■ **PROBLEM**: Using the listing below, output only the lines from the one that contains "3 PAIRS OF LADIES BOOTS AND SHOES SIZE 8" through the one that contains "MAISON 121 M2", inclusive, exactly as given and without images.

■ **LISTED RECORDS**:
═══

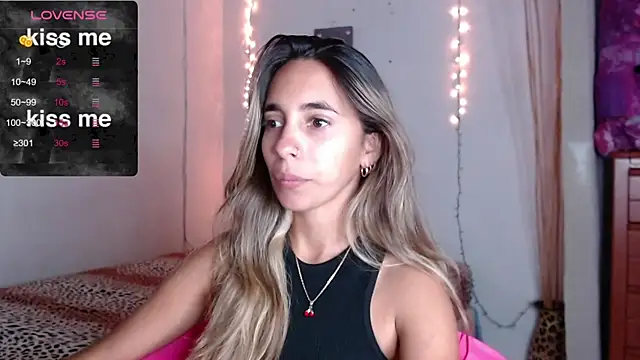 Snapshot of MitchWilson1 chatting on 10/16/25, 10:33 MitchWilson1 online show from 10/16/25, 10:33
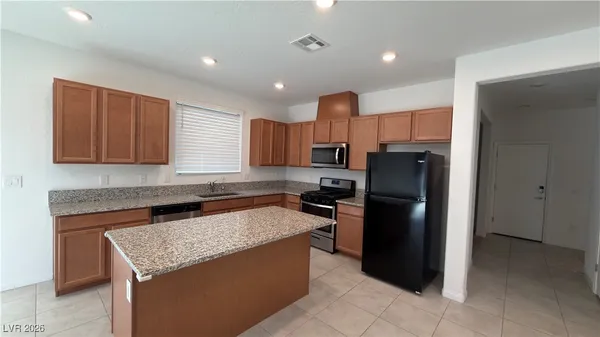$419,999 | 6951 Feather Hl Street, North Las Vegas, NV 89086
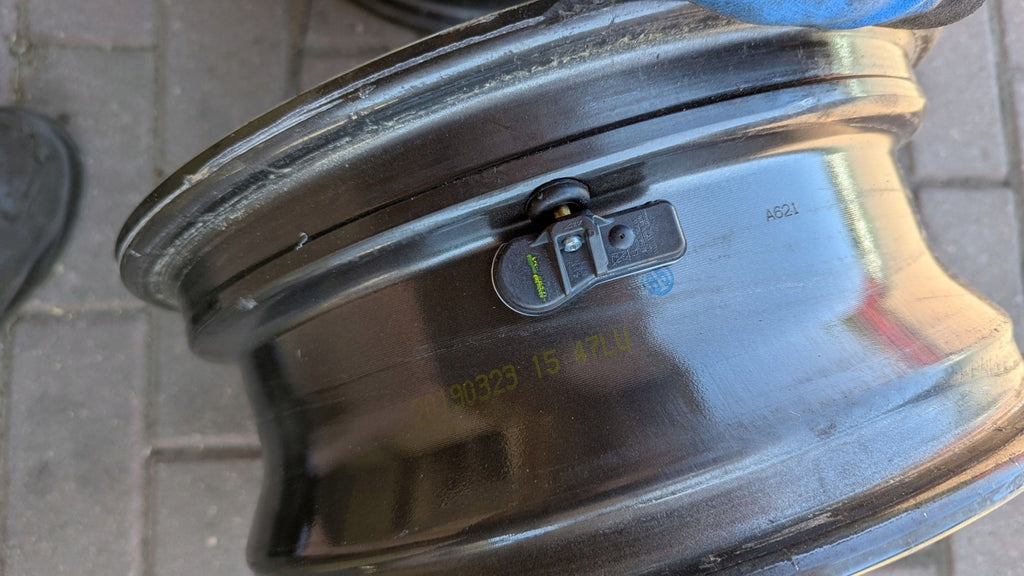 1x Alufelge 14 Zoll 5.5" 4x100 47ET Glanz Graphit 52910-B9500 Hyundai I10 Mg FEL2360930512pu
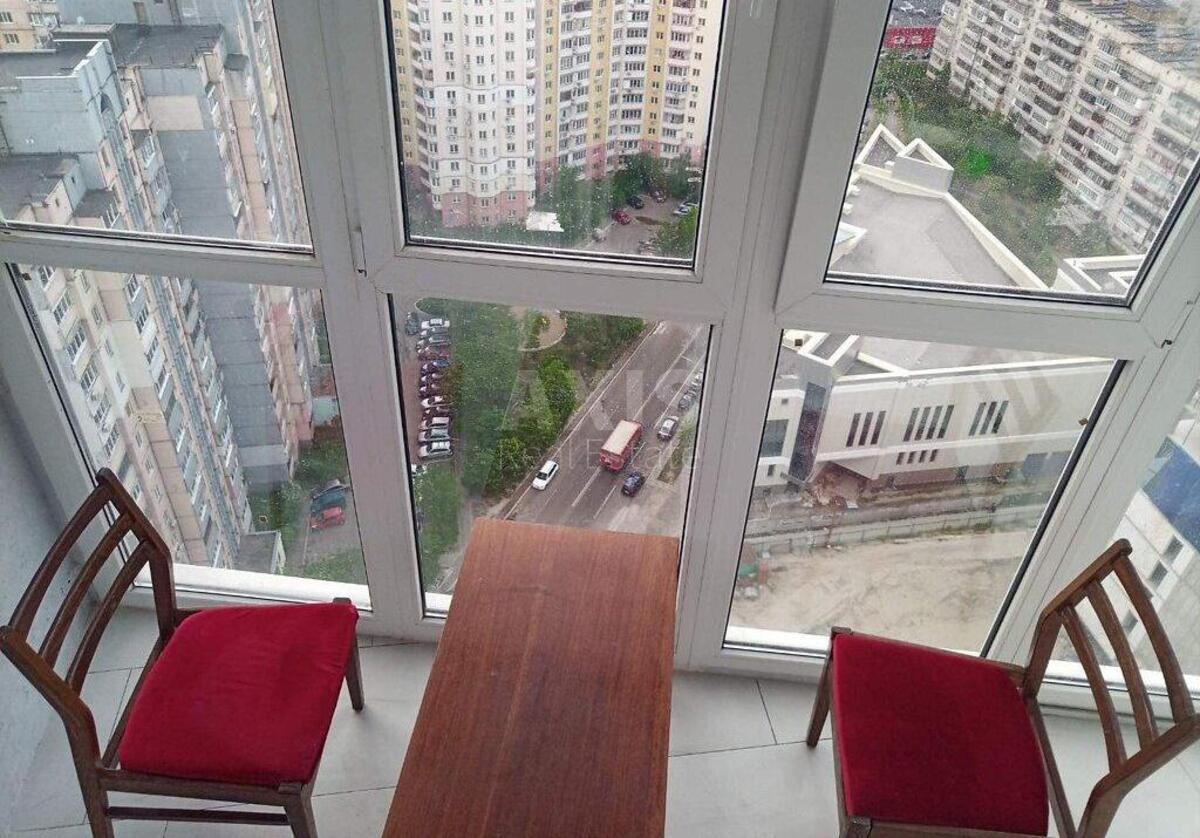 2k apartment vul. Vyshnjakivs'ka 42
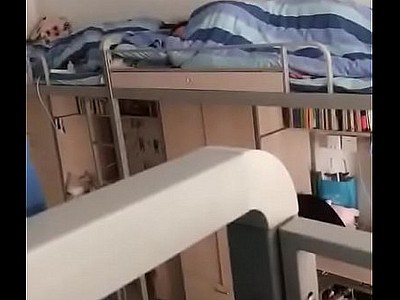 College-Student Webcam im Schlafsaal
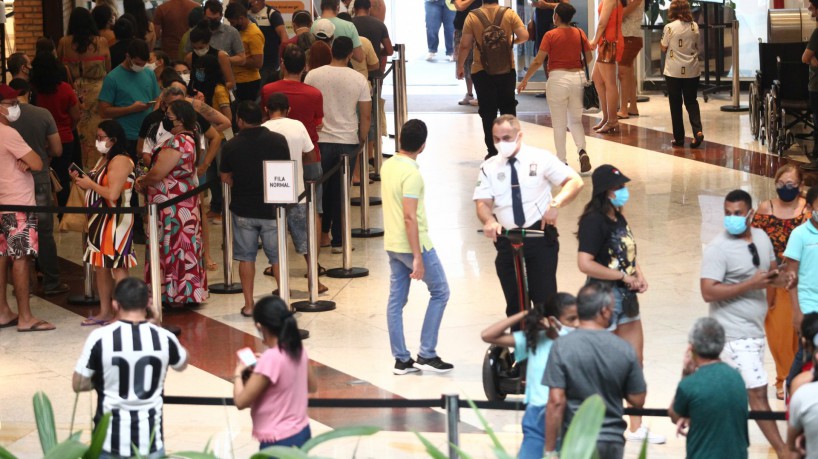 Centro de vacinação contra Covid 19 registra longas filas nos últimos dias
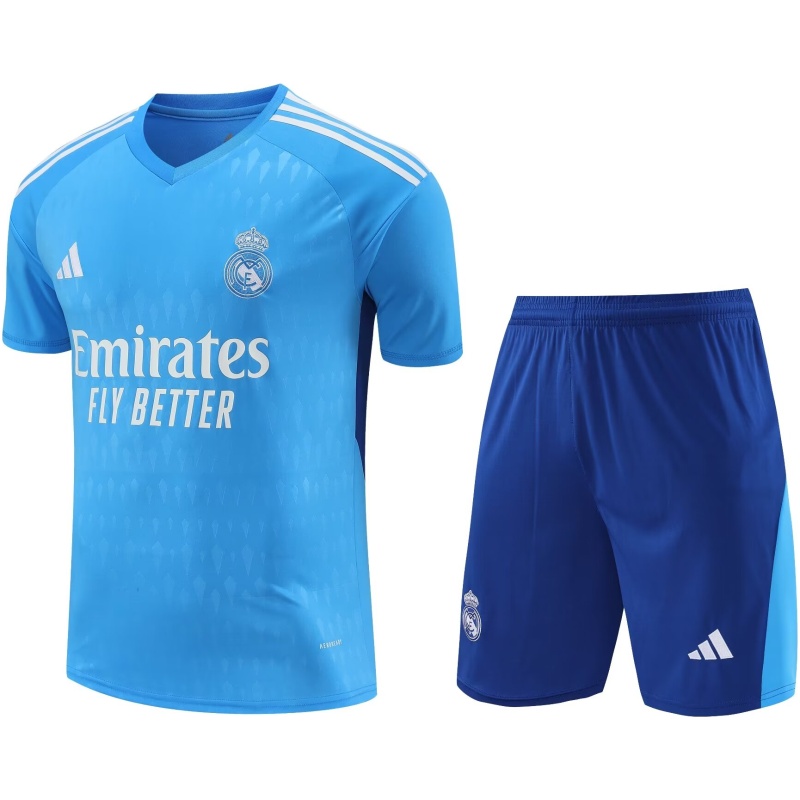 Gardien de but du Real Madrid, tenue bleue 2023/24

═══

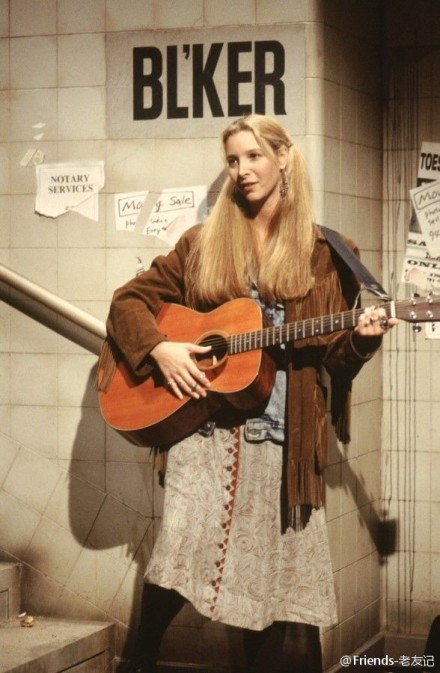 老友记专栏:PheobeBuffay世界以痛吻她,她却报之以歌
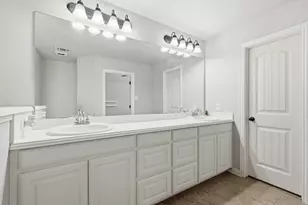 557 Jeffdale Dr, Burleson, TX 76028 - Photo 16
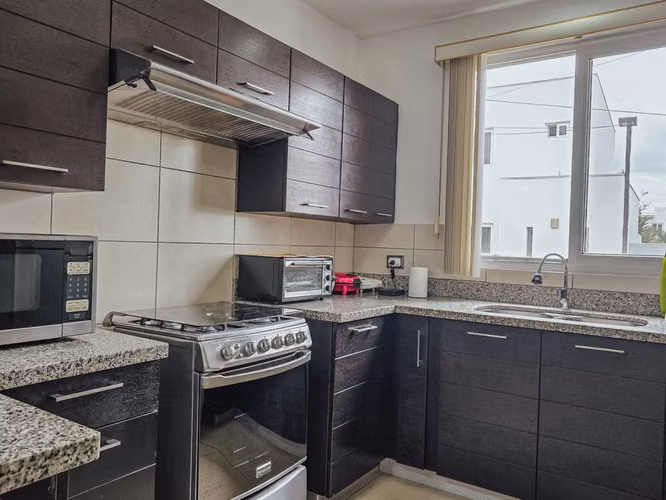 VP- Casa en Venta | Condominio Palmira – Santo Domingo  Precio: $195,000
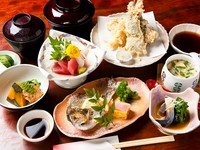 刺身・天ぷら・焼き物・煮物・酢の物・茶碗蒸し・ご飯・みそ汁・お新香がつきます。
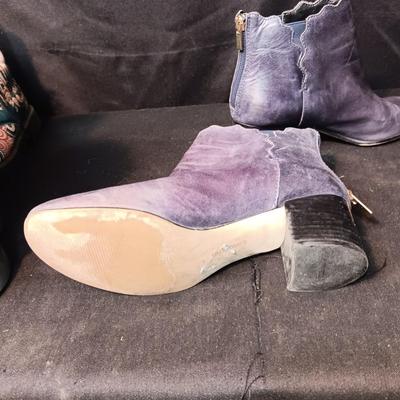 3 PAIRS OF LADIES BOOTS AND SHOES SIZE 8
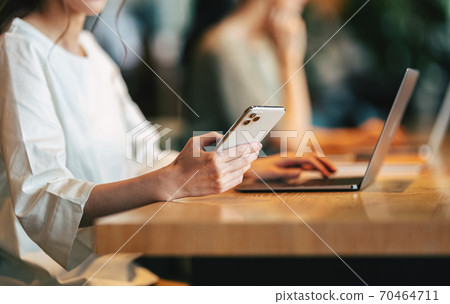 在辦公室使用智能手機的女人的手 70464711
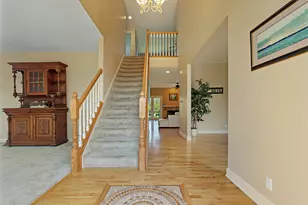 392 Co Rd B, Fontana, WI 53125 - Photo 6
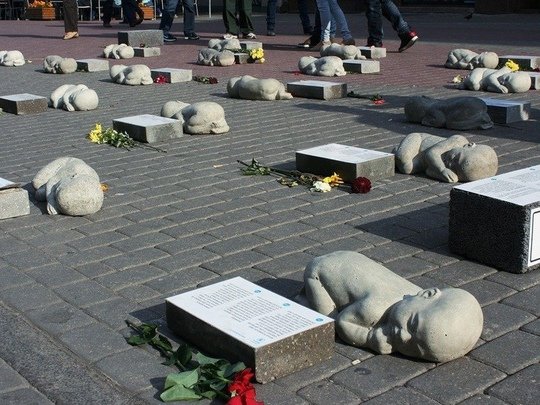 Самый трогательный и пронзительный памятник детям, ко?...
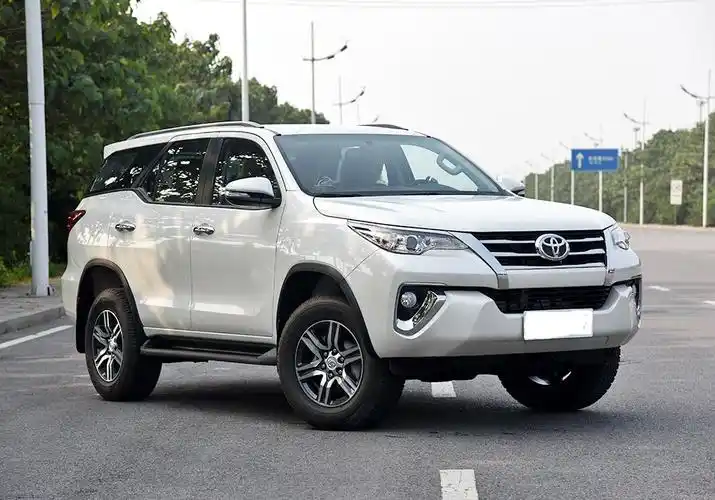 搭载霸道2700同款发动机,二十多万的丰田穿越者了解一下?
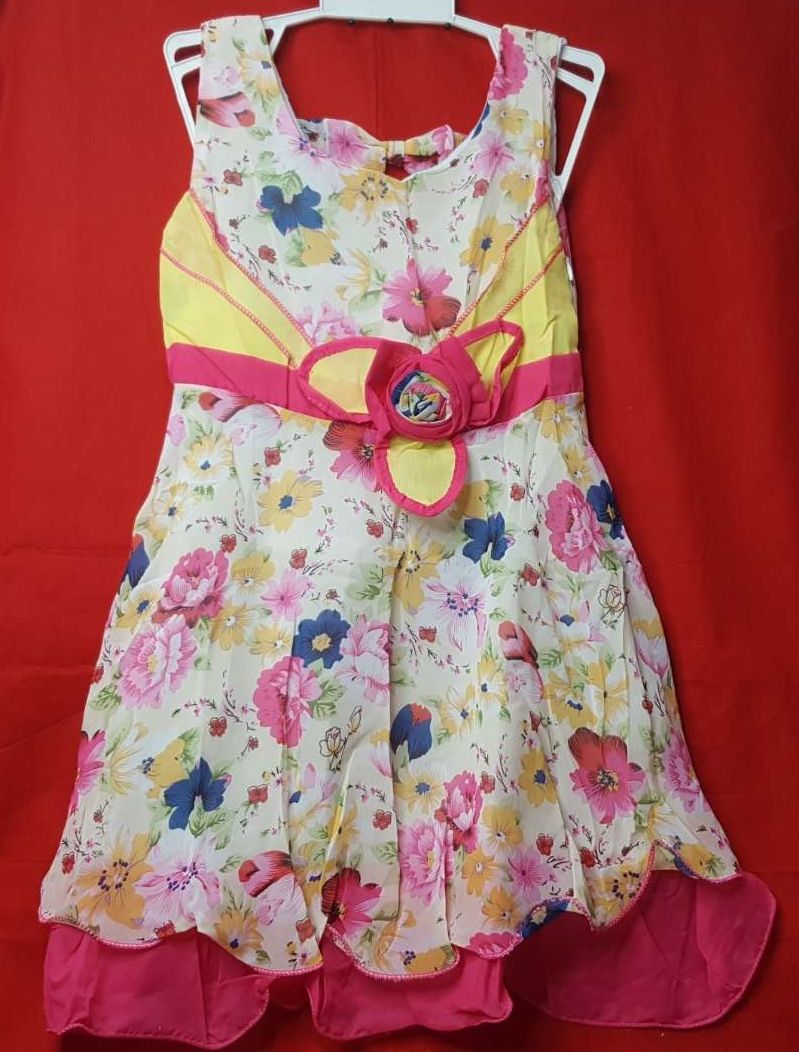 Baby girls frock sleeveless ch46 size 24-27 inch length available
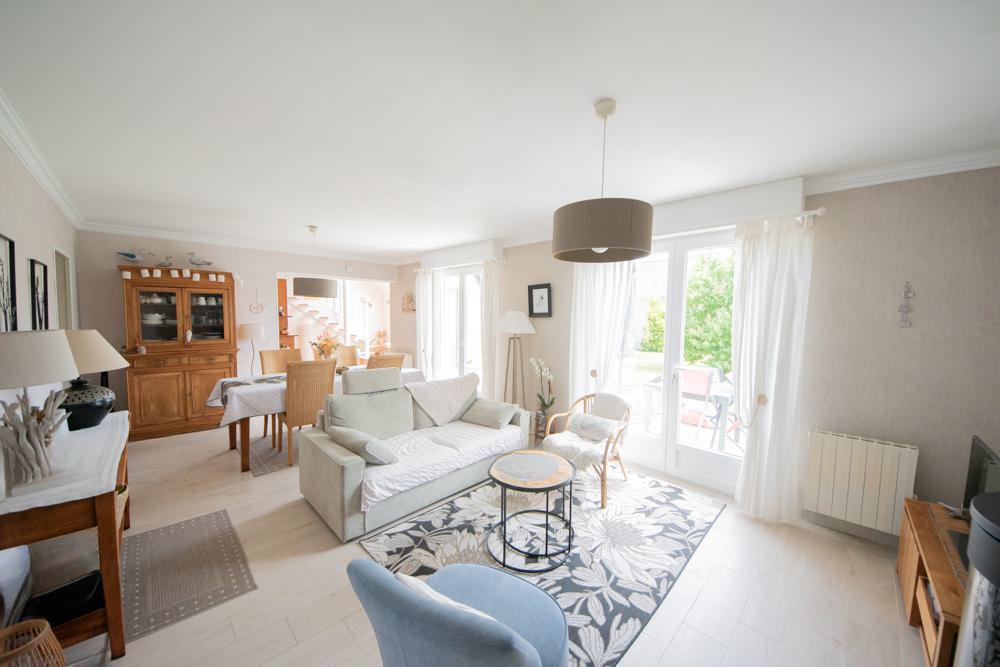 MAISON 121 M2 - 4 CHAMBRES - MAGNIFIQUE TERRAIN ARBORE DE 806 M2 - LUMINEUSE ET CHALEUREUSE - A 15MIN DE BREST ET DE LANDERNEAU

═══

■ **ANSWER TO THIS TASK**:
 3 PAIRS OF LADIES BOOTS AND SHOES SIZE 8
 在辦公室使用智能手機的女人的手 70464711
 392 Co Rd B, Fontana, WI 53125 - Photo 6
 Самый трогательный и пронзительный памятник детям, ко?...
 搭载霸道2700同款发动机,二十多万的丰田穿越者了解一下?
 Baby girls frock sleeveless ch46 size 24-27 inch length available
 MAISON 121 M2 - 4 CHAMBRES - MAGNIFIQUE TERRAIN ARBORE DE 806 M2 - LUMINEUSE ET CHALEUREUSE - A 15MIN DE BREST ET DE LANDERNEAU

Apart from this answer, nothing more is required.